Empecé a moverme, primero lento, saliendo casi entera y volviendo a hundirla hasta el fondo. Ella se movía conmigo, marcaba el ritmo, me mordía el hombro para acallar sus propios sonidos. Le levanté una pierna y me la puse sobre el hombro para entrar más profundo, y su gemido se ahogó contra mi mano cuando le tapé la boca.
—Shhh, las niñas —le recordé al oído sin dejar de embestirla.
La puse a cuatro patas en mitad de la cama, con el culo levantado y la cara contra la almohada. Me hundí en ella por detrás y la agarré de las caderas, follándomela más fuerte, viendo cómo se movían sus tetas colgando al ritmo de mis golpes. Le pasé el pulgar por el ojo del culo, sin llegar a meterlo, solo apretando, y ella soltó un gemido largo contra la tela.
—Guarra —le murmuré—. Toda la semana haciéndote la seria y mira cómo me pides polla.
—Más, más, Mateo, más fuerte, por favor…
Le agarré el pelo con una mano y le tiré de él hacia atrás mientras seguía embistiéndola, obligándola a arquear la espalda. La mujer de hielo se había derretido por completo, gimiendo mi nombre como una letanía, apretándome la polla con el coño cada vez que la tenía dentro.
La volví a poner boca arriba porque quería verle la cara. Le abrí las piernas de par en par, se las sujeté contra el pecho y volví a hundirme hasta el fondo. Ella me clavó las uñas en la espalda, sus tetas subiendo y bajando con cada embestida, la boca abierta buscando aire.
—Me voy a correr otra vez —jadeó—. Contigo. Córrete conmigo, dentro.
Aceleré el ritmo, notando el hormigueo subiendo desde la base de la polla. Ella se aferró a mi espalda, me mordió el hombro para no gritar, y sentí cómo se le contraía el coño entero rodeando mi polla. Me vacié dentro con un gruñido ahogado contra su cuello, tres, cuatro chorros gruesos, sintiendo cómo se mezclaba mi corrida con la suya. La abracé fuerte mientras las últimas contracciones nos sacudían a los dos, jadeando el uno en el oído del otro.

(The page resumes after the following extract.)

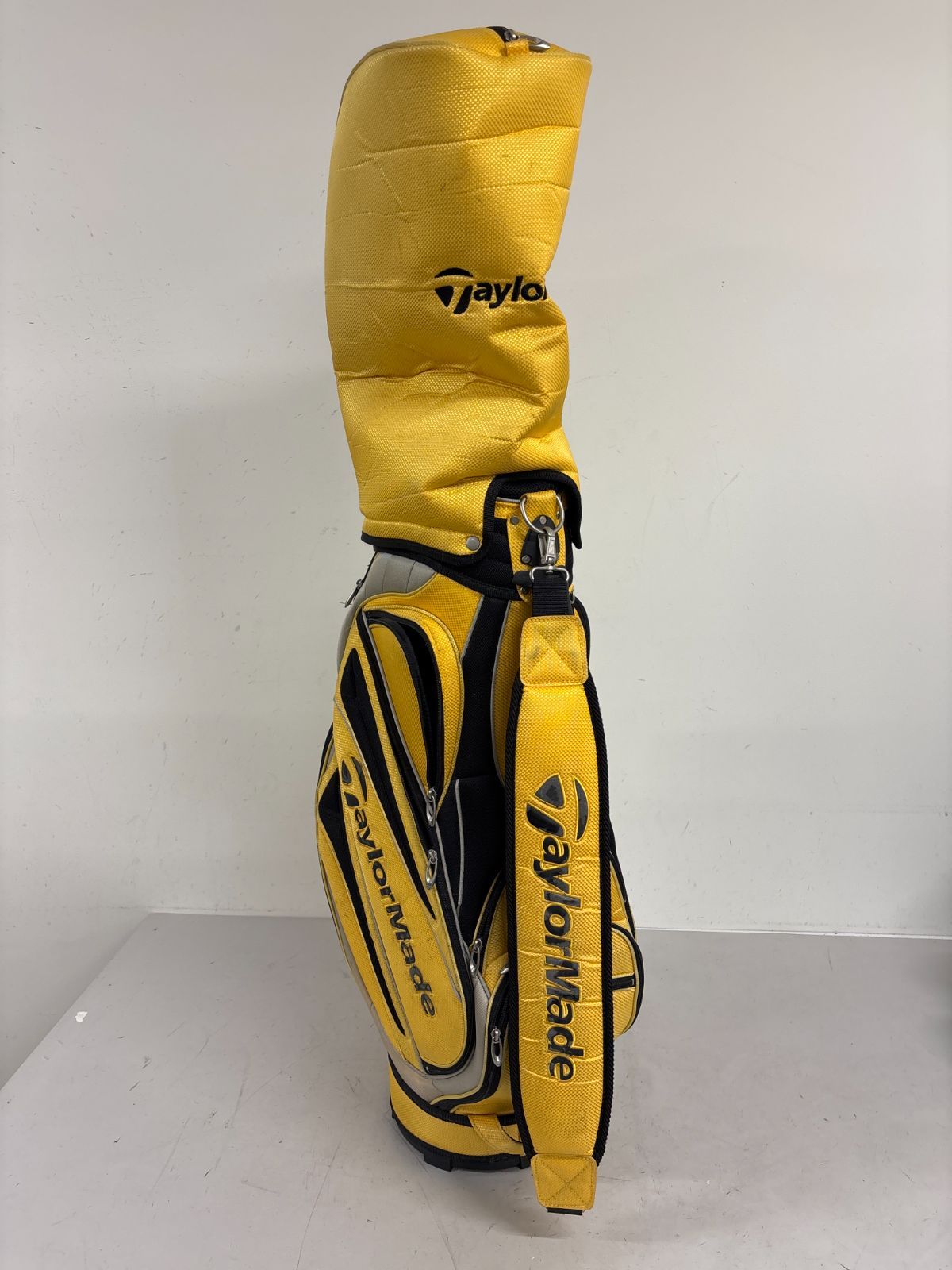 送料無料【TaylorMade テーラーメイド】キャディバッグ ゴルフバッグ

Después nos quedamos quietos, enredados, con mi polla todavía dentro reblandeciéndose poco a poco, escuchando el silencio de la casa y nuestras respiraciones recuperando el ritmo. Sentí cómo el semen empezaba a escapársele por los bordes, tibio contra mis muslos.

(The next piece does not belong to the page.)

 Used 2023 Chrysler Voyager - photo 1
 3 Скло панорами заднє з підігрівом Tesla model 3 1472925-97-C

—Esto no cambia nada —dijo al fin, en la oscuridad, aunque su mano seguía dibujando círculos perezosos en mi pecho.
—Claro que no —respondí, y sonreí contra su pelo.
Ninguno de los dos se creía la mentira, y por primera vez no nos importó. Afuera empezaba a clarear, y supe que ese tercer secreto era el único que ya no podríamos guardar mucho tiempo.